Bisnis.com, JAKARTA - Badan Perlindungan Pekerja Migran Indonesia (BP2MI) mencatat adanya 415 laporan terkait eksploitasi anak buah kapal (ABK) yang belum tertangani.
Kepala BP2MI Benny Ramdhani mengaku menemukan fakta menyedihkan ini melalui jajaran BP2MI, belum lama setelah dilantik pada April 2020. Pihaknya telah melaporkan deretan kasus ini ke Bareskrim pada 2 Juni 2020.
"Selama 2018 - 2020, tercatat 415 kasus yang diadukan oleH ABK dan keluarganya. Tidak ada satupun kasus yang naik P21 [penyidikan selesai]. Jangan-jangan tidak pernah ada [penyelesaian] karena penghentian perkara," tuturnya dalam webinar Pencaruan Jeadilan Korban Perdagangan Orang di Kapal Ikan Asing, Selasa (28/7/2020).
Berdasarkan data BP2MI, pengaduan terbanyak berasal dari ABK penempatan Taiwan (122).
Selain itu negara lainnya meliputi Korea Selatan (46), Peru (36), China (23), Afrika Selatan (16), Vietnam (15), Namibia (14), Kepulauan Fiji (13), Angola (10), dan Malaysia (10).

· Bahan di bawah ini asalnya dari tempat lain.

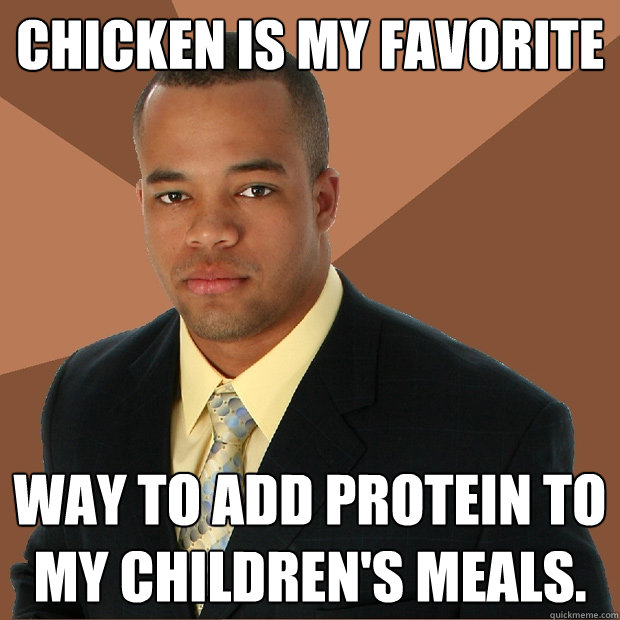 chicken is my favorite way to add protein to my children's meals. - chicken is my favorite way to add protein to my children's meals.  Successful Black Man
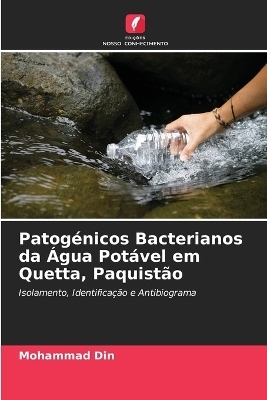 Patogénicos Bacterianos da Água Potável em Quetta, Paquistão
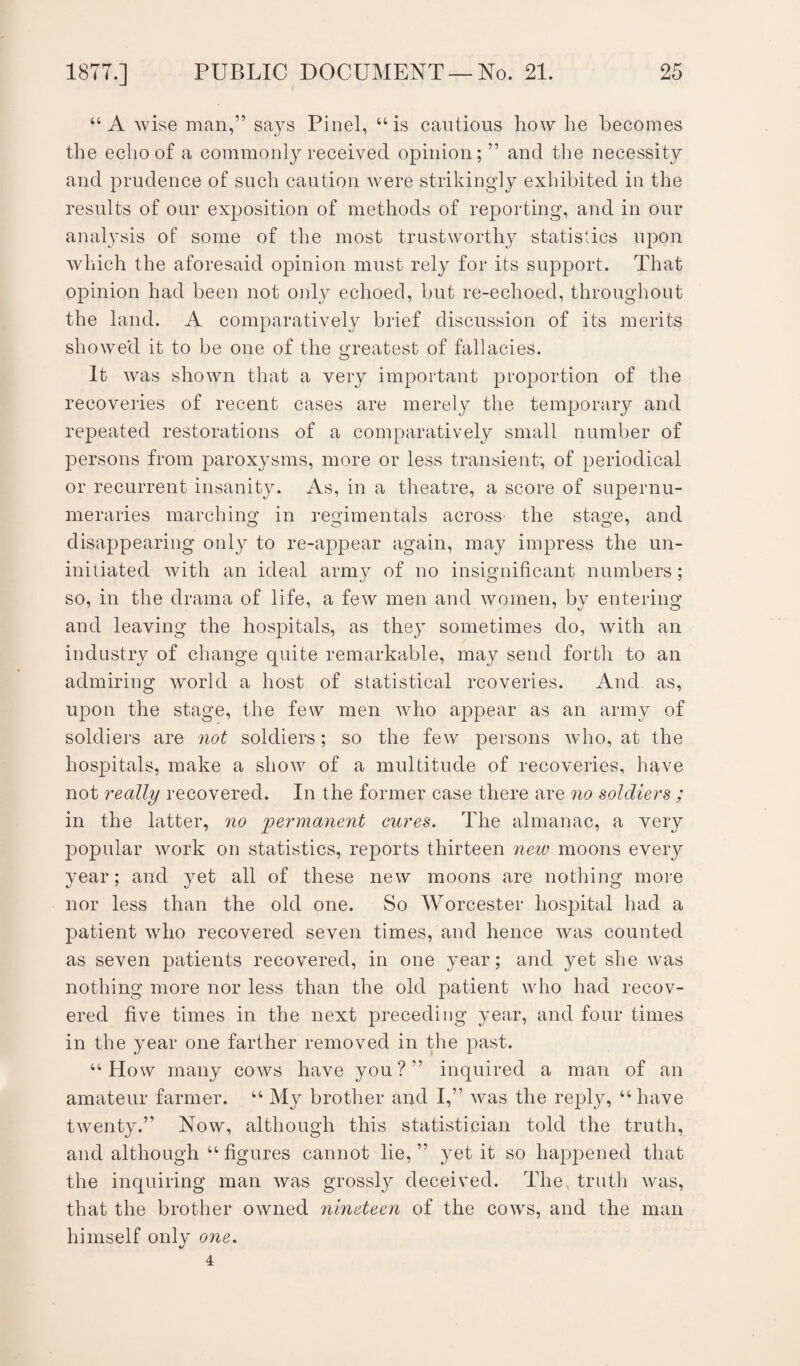 / “ A wise man,” says Pinel, “is cautions how lie becomes the echo of a commonly received opinion; ” and the necessity and prudence of such caution were strikingly exhibited in the results of our exposition of methods of reporting, and in our analysis of some of the most trustworthy statistics upon which the aforesaid opinion must rely for its support. That opinion had been not only echoed, but re-echoed, throughout the land. A comparatively brief discussion of its merits showed it to be one of the greatest of fallacies. It was shown that a very important proportion of the recoveries of recent cases are merely the temporary and repeated restorations of a comparatively small number of persons from paroxysms, more or less transient, of periodical or recurrent insanity. As, in a theatre, a score of supernu¬ meraries marching in regimentals across the stage, and disappearing only to re-appear again, may impress the un¬ initiated with an ideal army of no insignificant numbers; so, in the drama of life, a few men and women, by entering and leaving the hospitals, as they sometimes do, with an industry of change quite remarkable, may send forth to an admiring world a host of statistical rcoveries. And as, upon the stage, the few men who appear as an army of soldiers are not soldiers; so the few persons who, at the hospitals, make a show of a multitude of recoveries, have not really recovered. In the former case there are no soldiers ; in the latter, no permanent cures. The almanac, a very popular work on statistics, reports thirteen new moons every year; and yet all of these new moons are nothing more nor less than the old one. So Worcester hospital had a patient who recovered seven times, and hence Avas counted as seven patients recovered, in one year; and yet she was nothing more nor less than the old patient who had recov¬ ered five times in the next preceding year, and four times in the year one farther removed in the past. “How many cows have you?” inquired a man of an amateur farmer. “ My brother and I,” was the reply, “ have twenty.” Now, although this statistician told the truth, and although “ figures cannot lie,” yet it so happened that the inquiring man was grossly deceived. The truth was, that the brother owned nineteen of the cows, and the man himself only one. 4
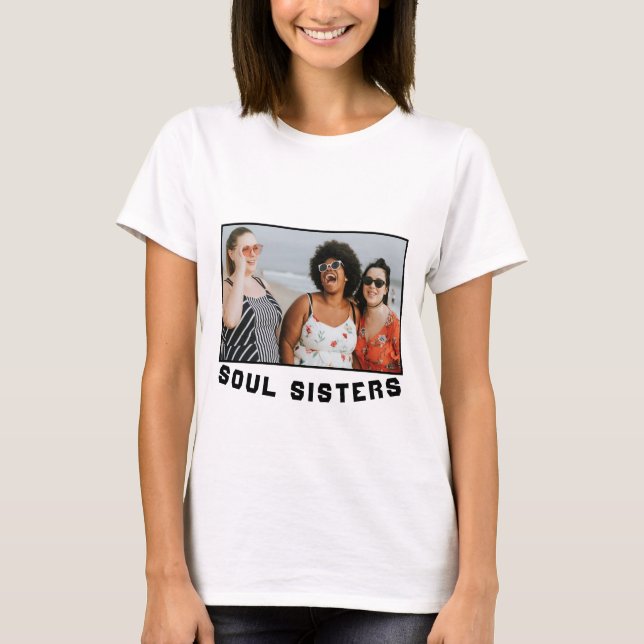 Soul Sisters Ihr eigenes Foto T-Shirt (Vorderseite)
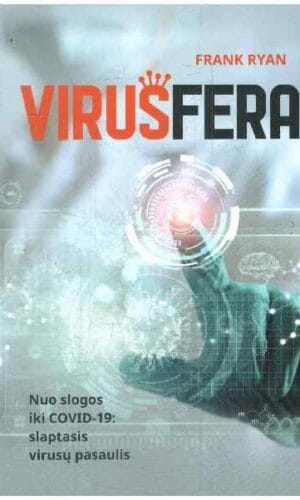 ViruSfera. Nuo slogos iki COVID-19: slaptasis virusų pasaulis - Frank Rya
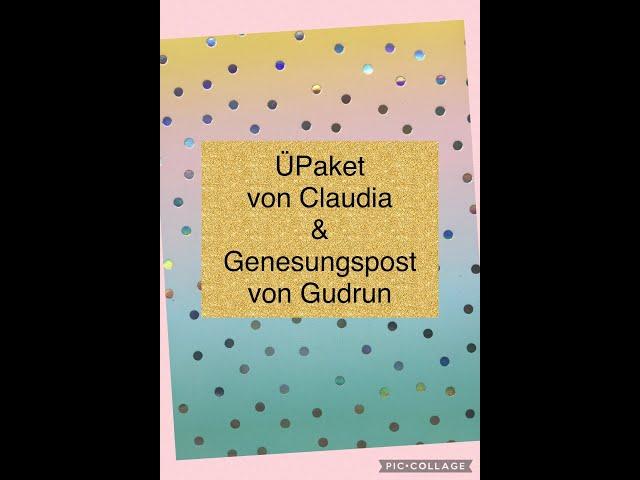 Ü Paket von Claudia & Genesungspost von Gudrun   Dankeschön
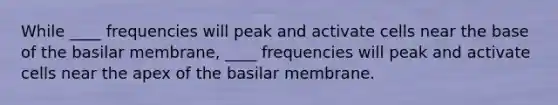 While ____ frequencies will peak and activate cells near the base of the basilar membrane, ____ frequencies will peak and activate cells near the apex of the basilar membrane.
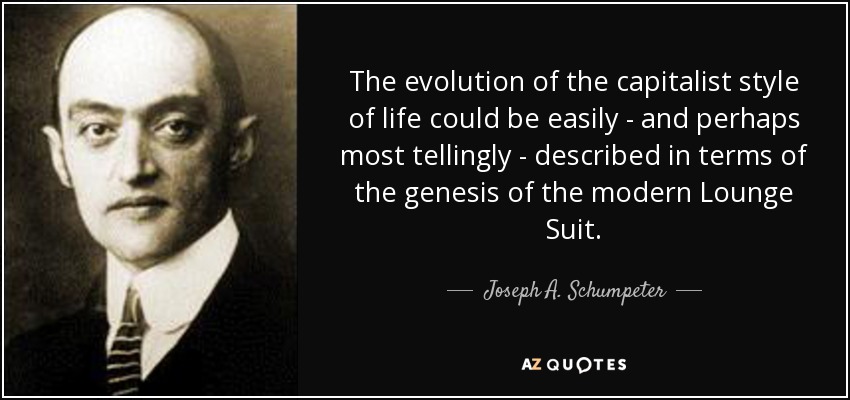 The evolution of the capitalist style of life could be easily - and perhaps most tellingly - described in terms of the genesis of the modern Lounge Suit. - Joseph A. Schumpeter
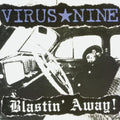 VIRUS NINE  BLASTIN; AWAY! - CD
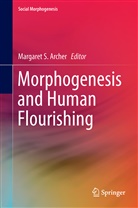 Margaret Archer, Margaret S. Archer, Margare S Archer, Margaret S Archer - Morphogenesis and Human Flourishing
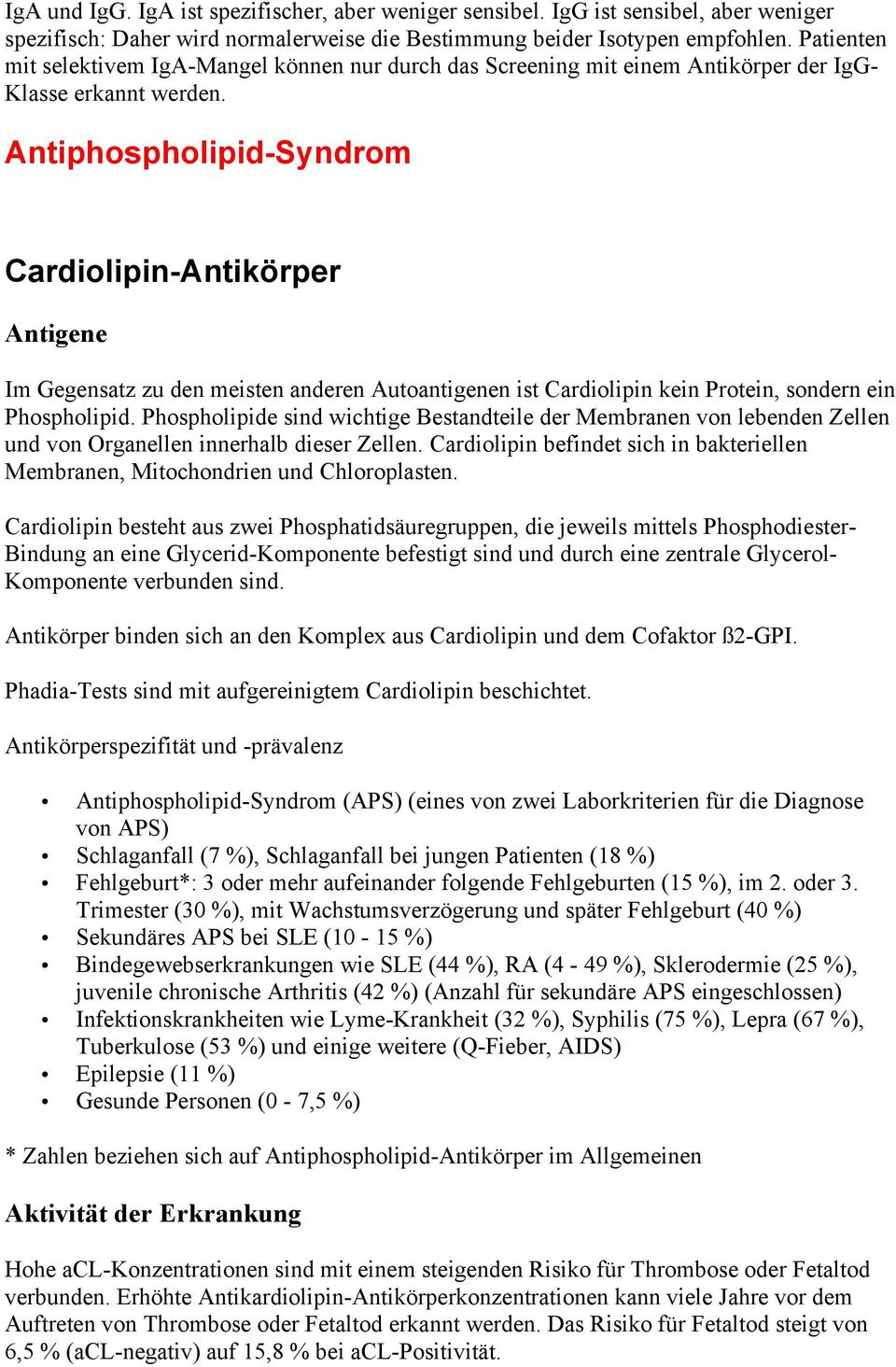 Antiphospholipid-Syndrom Cardiolipin-Antikörper Im Gegensatz zu den meisten anderen Autoantigenen ist Cardiolipin kein Protein, sondern ein Phospholipid.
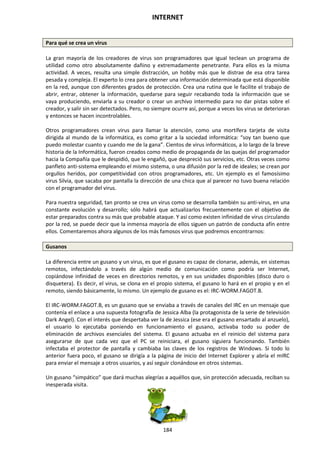 INTERNET
184
Para qué se crea un virus
La gran mayoría de los creadores de virus son programadores que igual teclean un programa de
utilidad como otro absolutamente dañino y extremadamente penetrante. Para ellos es la misma
actividad. A veces, resulta una simple distracción, un hobby más que le distrae de esa otra tarea
pesada y compleja. El experto lo crea para obtener una información determinada que está disponible
en la red, aunque con diferentes grados de protección. Crea una rutina que le facilite el trabajo de
abrir, entrar, obtener la información, quedarse para seguir recabando toda la información que se
vaya produciendo, enviarla a su creador o crear un archivo intermedio para no dar pistas sobre el
creador, y salir sin ser detectados. Pero, no siempre ocurre así, porque a veces los virus se deterioran
y entonces se hacen incontrolables.
Otros programadores crean virus para llamar la atención, como una mortífera tarjeta de visita
dirigida al mundo de la informática, es como gritar a la sociedad informática: “soy tan bueno que
puedo molestar cuanto y cuando me de la gana”. Cientos de virus informáticos, a lo largo de la breve
historia de la Informática, fueron creados como medio de propaganda de las quejas del programador
hacia la Compañía que le despidió, que le engañó, que despreció sus servicios, etc. Otras veces como
panfleto anti-sistema empleando el mismo sistema, o una difusión por la red de ideales; se crean por
orgullos heridos, por competitividad con otros programadores, etc. Un ejemplo es el famosísimo
virus Silvia, que sacaba por pantalla la dirección de una chica que al parecer no tuvo buena relación
con el programador del virus.
Para nuestra seguridad, tan pronto se crea un virus como se desarrolla también su anti-virus, en una
constante evolución y desarrollo; sólo habrá que actualizarlos frecuentemente con el objetivo de
estar preparados contra su más que probable ataque. Y así como existen infinidad de virus circulando
por la red, se puede decir que la inmensa mayoría de ellos siguen un patrón de conducta afín entre
ellos. Comentaremos ahora algunos de los más famosos virus que podremos encontrarnos:
Gusanos
La diferencia entre un gusano y un virus, es que el gusano es capaz de clonarse, además, en sistemas
remotos, infectándolo a través de algún medio de comunicación como podría ser Internet,
copiándose infinidad de veces en directorios remotos, y en sus unidades disponibles (disco duro o
disquetera). Es decir, el virus, se clona en el propio sistema, el gusano lo hará en el propio y en el
remoto, siendo básicamente, lo mismo. Un ejemplo de gusano es el: IRC-WORM.FAGOT.B.
El IRC-WORM.FAGOT.B, es un gusano que se enviaba a través de canales del IRC en un mensaje que
contenía el enlace a una supuesta fotografía de Jessica Alba (la protagonista de la serie de televisión
Dark Angel). Con el interés que despertaba ver la de Jessica (ese era el gusano ensartado al anzuelo),
el usuario lo ejecutaba poniendo en funcionamiento el gusano, activaba todo su poder de
eliminación de archivos esenciales del sistema. El gusano actuaba en el reinicio del sistema para
asegurarse de que cada vez que el PC se reiniciara, el gusano siguiera funcionando. También
infectaba el protector de pantalla y cambiaba las claves de los registros de Windows. Si todo lo
anterior fuera poco, el gusano se dirigía a la página de inicio del Internet Explorer y abría el mIRC
para enviar el mensaje a otros usuarios, y así seguir clonándose en otros sistemas.
Un gusano “simpático” que dará muchas alegrías a aquéllos que, sin protección adecuada, reciban su
inesperada visita.
 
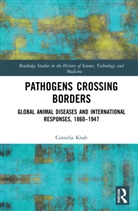 Cornelia Knab - Pathogens Crossing Borders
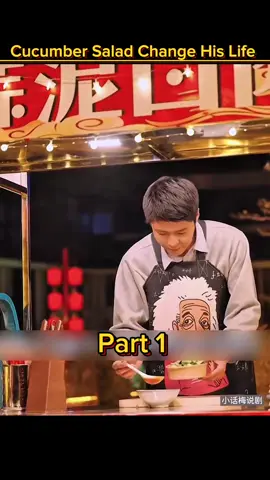 cucumber 🥒 salad change his life #missionimpossible #explained #cdrama #koreandrama #foryou #viral #drama #kdrama 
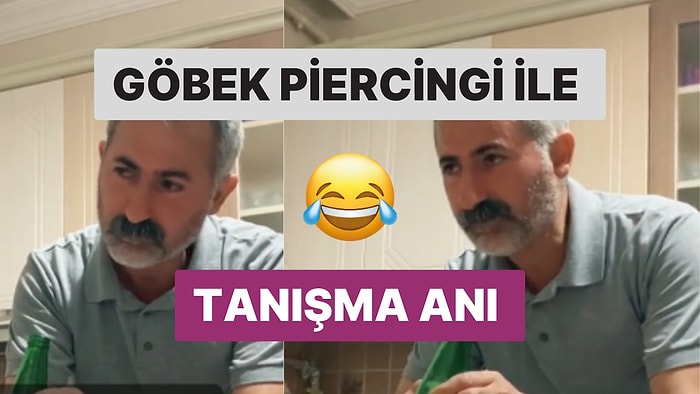 Kızının Göbek Piercingi ile Tanışan Babanın Tapkileri Viral Oldu: "Kızım Bi Deri Altına Girse..."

Tingginya pengaduan di Taiwan disebabkan adanya perwakilan BP2MI di Taiwan yang memudahkan koordinasi serta persebaran ABK di Taiwan terpusat di terpusat di teritori Taiwan.
Baca Juga
Mayoritas laporan adalah mengenai gaji yang tidak dibayar (183), meninggal dunia (46), kecelakaan (46), dan lainnya.
Eksploitasi yang dialami ABK WNI ini lantaran pengadu merupakan ABK non prosedural yang rentan terhadap pelanggaran perjanjian kerja.
"Tentu di balik kasus ini harus memaksa kita bicara merah putih dan bicara Republik. Negara tidak boleh kalah di hadapan perusahaan manning agency," pungkasnya.
Seperti diberitakan sebelumnya, terdapat empat ABK WNI yang bekerja di kapal Long Xing 629 yang meninggal. Tiga orang di antaranya meninggal di atas kapal sehingga jenazahnya dilarung di laut lepas. Adapun satu orang meninggal di rumah sakit di Busan, Korea Selatan.
Kejadian ini menimbulkan kecurigaan dari pihak pemerintah Indonesia terkait dengan kehidupan di atas kapal yang tidak layak hingga menyebabkan kematian ABK WNI.